5/20 – Wall Street Journal – Barclays Fined $115 Million by CFTC for Alleged Manipulation of ISDAfix – Barclays tried to manipulate another index which is used to calculate pension payouts. This is an interest rate swap index. Game playing ran from 2007 until 2012.
The DoJ decided not to call this a violation of the 2012 DPA for manipulating Libor.
Eh. Merely $115M. Immaterial in relation to their $2,330M fine on the same day. A rounding error on a day with $5,800M of settlements.
Eh. Just one more index or rate that was manipulated to benefit their trading position. An immaterial index in relation to a few dozen sub-indexes in Libor and Eurobor and multiple exchange rates and the Japan interbank rate.
5/20 – Bloomberg Business – Six Banks Pay $5.8 Billion, Five Guilty of Market Rigging – Superb explanation of the settlement with TBTF banks discussed here. Article has detail of fines by bank.

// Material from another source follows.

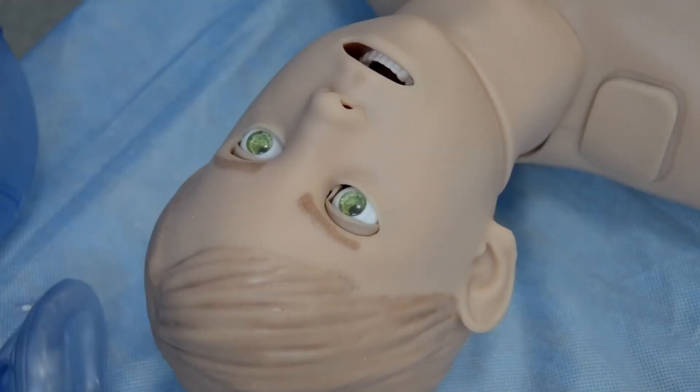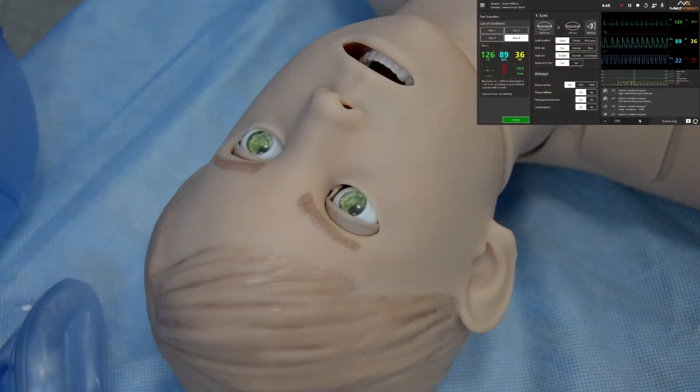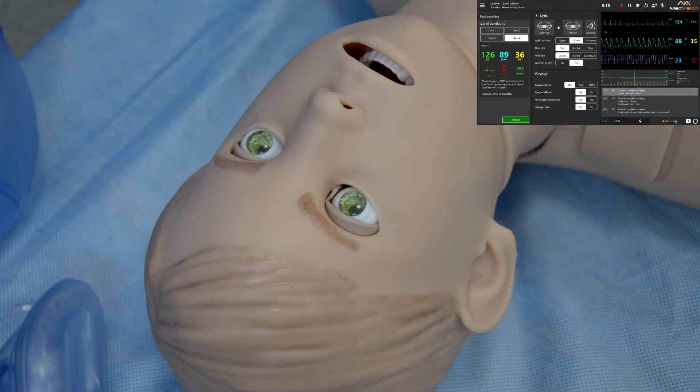Let's begin with the eyes. The eyes are fully programmable and respond to light. You can also change the size of the pupils in the software, so the pupils can be dilated and constricted. You can also change the blinking rate — fast, normal, or slow. The reaction can be unilateral or bilateral, and you can also change eyelid position, so the eyes can be half open or fully closed.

Article says DOJ says the total fines for forex manipulation are about $9B. My score-at-home tally shows $10.9B which includes $0.6B of private settlements.
About $9B. Or $10.3B. Rounding error.
Deutche Bank and HSBC are still under investigation by DoJ. Expect more settlements. Deutche Bank drew the stiffest fines in the Libor manipulation case but hasn’t settled up with any regulators in the forex manipulation mess.
A source told Bloomberg that all the banks have received waivers from the SEC so the guilty pleas won’t interfere with their ability to raise money in the market. I’ve read elsewhere that the Department of Labor has given waivers.
So the impact of the guilty pleas to a felony criminal charge will be nothing other than a day or two of bad headlines.
5/20 – New York Times DealBook – Guilty Pleas and Heavy Fines Seem to Be Cost of Business for Wall St. – Article points out the high rate of recidivism. I am to the point where I know the names that will appear when a new fiasco arises. There are a few large banks I am aware of that have not been visible in the last several rounds of scandals.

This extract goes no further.